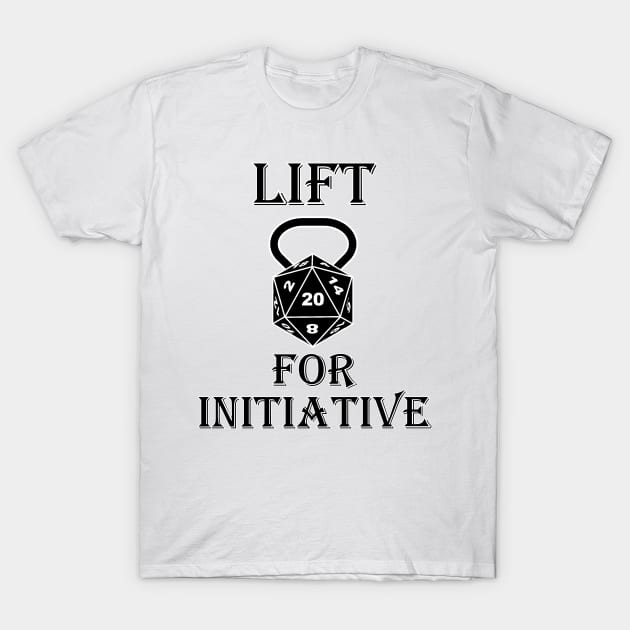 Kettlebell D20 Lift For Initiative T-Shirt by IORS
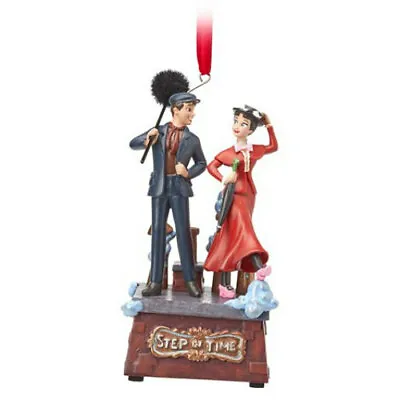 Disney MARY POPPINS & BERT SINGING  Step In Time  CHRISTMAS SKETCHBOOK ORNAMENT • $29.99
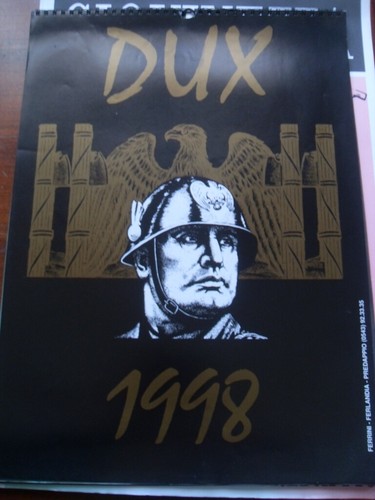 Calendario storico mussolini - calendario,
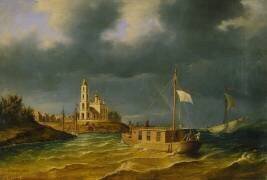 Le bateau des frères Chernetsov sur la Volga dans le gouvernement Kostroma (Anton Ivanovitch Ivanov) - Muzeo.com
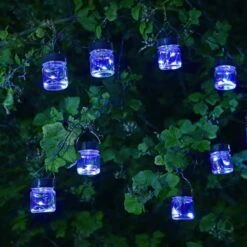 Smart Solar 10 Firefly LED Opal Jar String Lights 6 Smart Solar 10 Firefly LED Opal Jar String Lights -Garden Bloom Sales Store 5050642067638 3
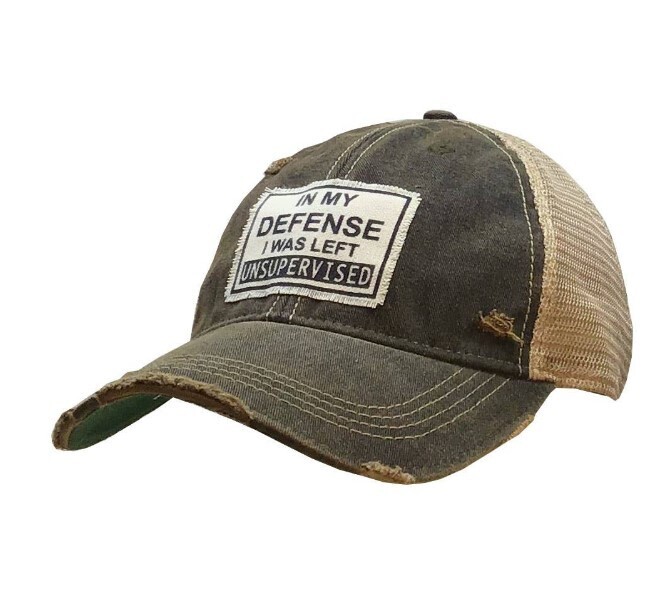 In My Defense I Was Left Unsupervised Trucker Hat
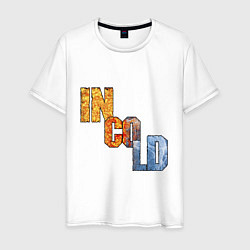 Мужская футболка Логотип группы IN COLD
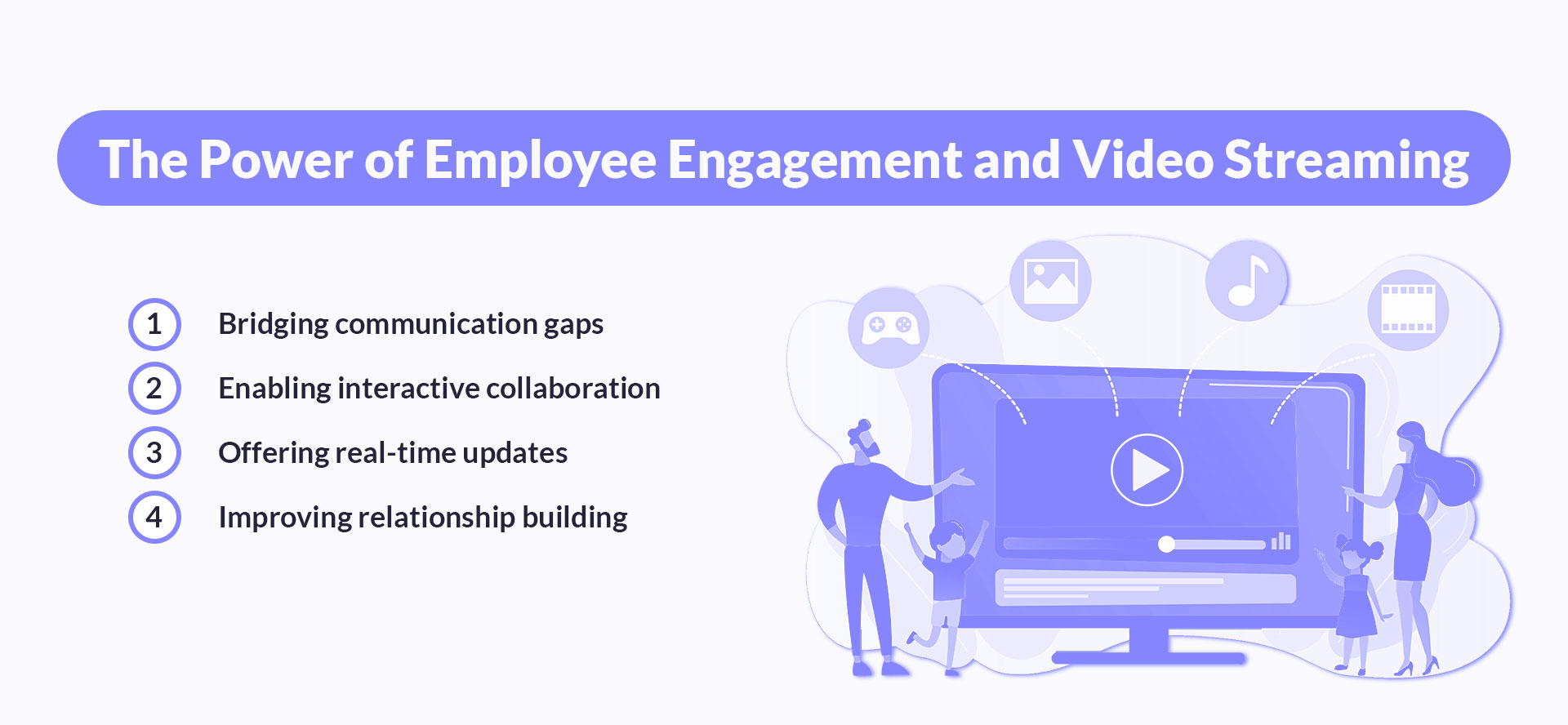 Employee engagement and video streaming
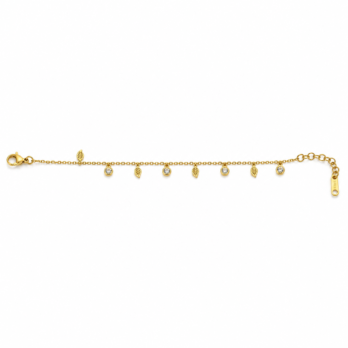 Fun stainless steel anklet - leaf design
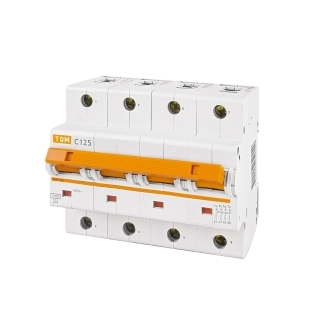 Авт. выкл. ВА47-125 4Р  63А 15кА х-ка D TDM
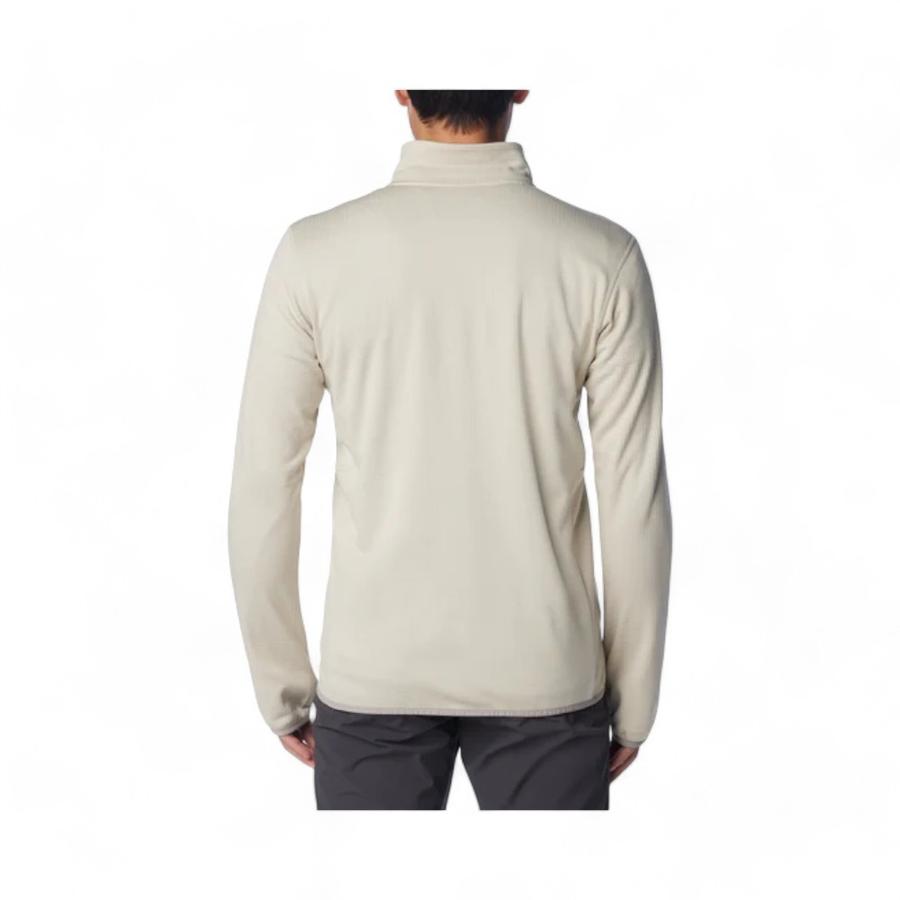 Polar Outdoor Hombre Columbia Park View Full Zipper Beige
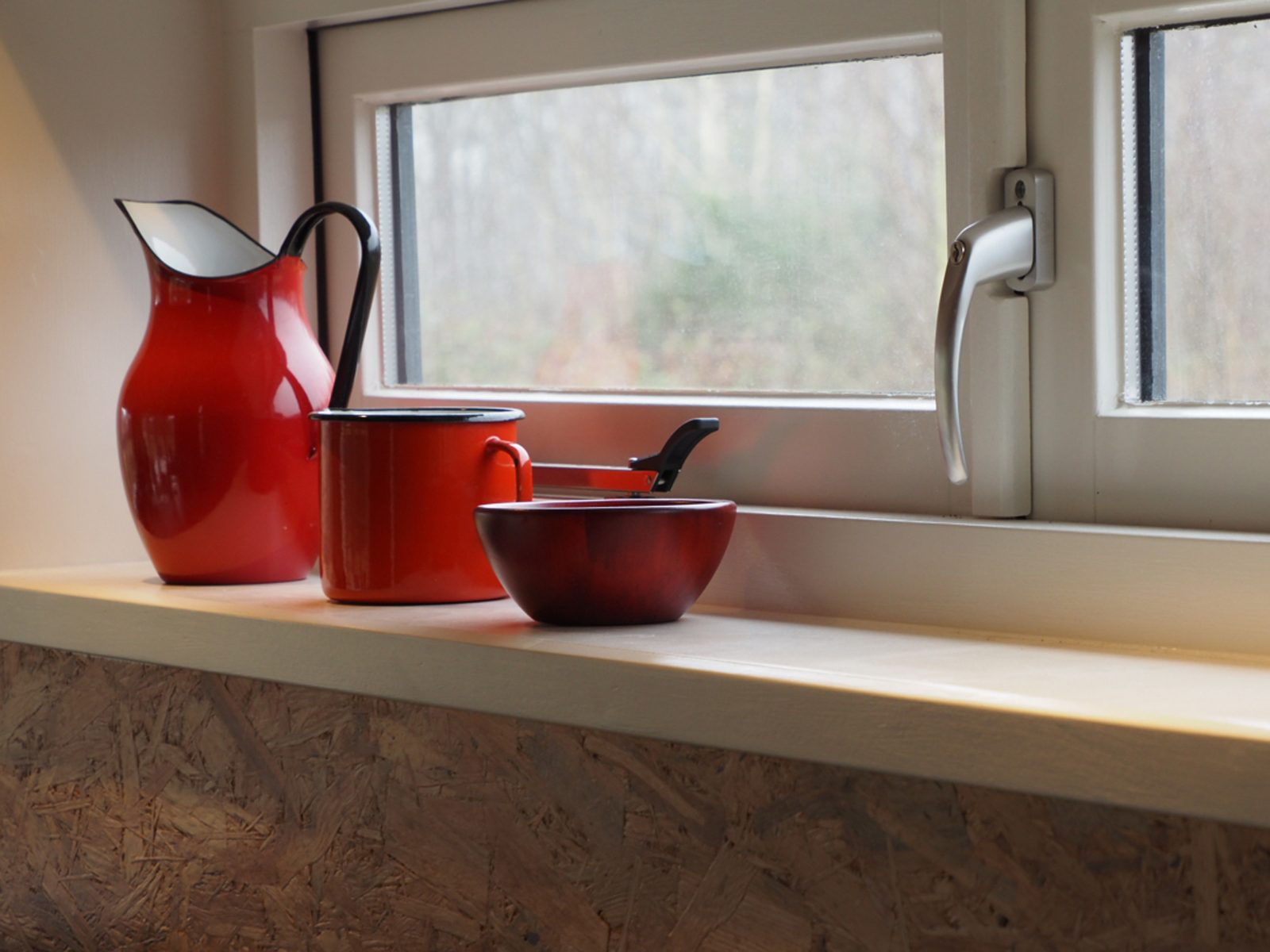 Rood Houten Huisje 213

+--

Before duplicating, set the pictures aside; then output exactly the lines from the one with "Disney MARY POPPINS" through the end of the records, and only those.

● RESULT FOR THIS TASK
 Disney MARY POPPINS & BERT SINGING  Step In Time  CHRISTMAS SKETCHBOOK ORNAMENT • $29.99
 Calendario storico mussolini - calendario,
 Le bateau des frères Chernetsov sur la Volga dans le gouvernement Kostroma (Anton Ivanovitch Ivanov) - Muzeo.com
 Smart Solar 10 Firefly LED Opal Jar String Lights 6 Smart Solar 10 Firefly LED Opal Jar String Lights -Garden Bloom Sales Store 5050642067638 3
 In My Defense I Was Left Unsupervised Trucker Hat
 Мужская футболка Логотип группы IN COLD
 Employee engagement and video streaming
 Fun stainless steel anklet - leaf design
 Авт. выкл. ВА47-125 4Р  63А 15кА х-ка D TDM
 Polar Outdoor Hombre Columbia Park View Full Zipper Beige
 Rood Houten Huisje 213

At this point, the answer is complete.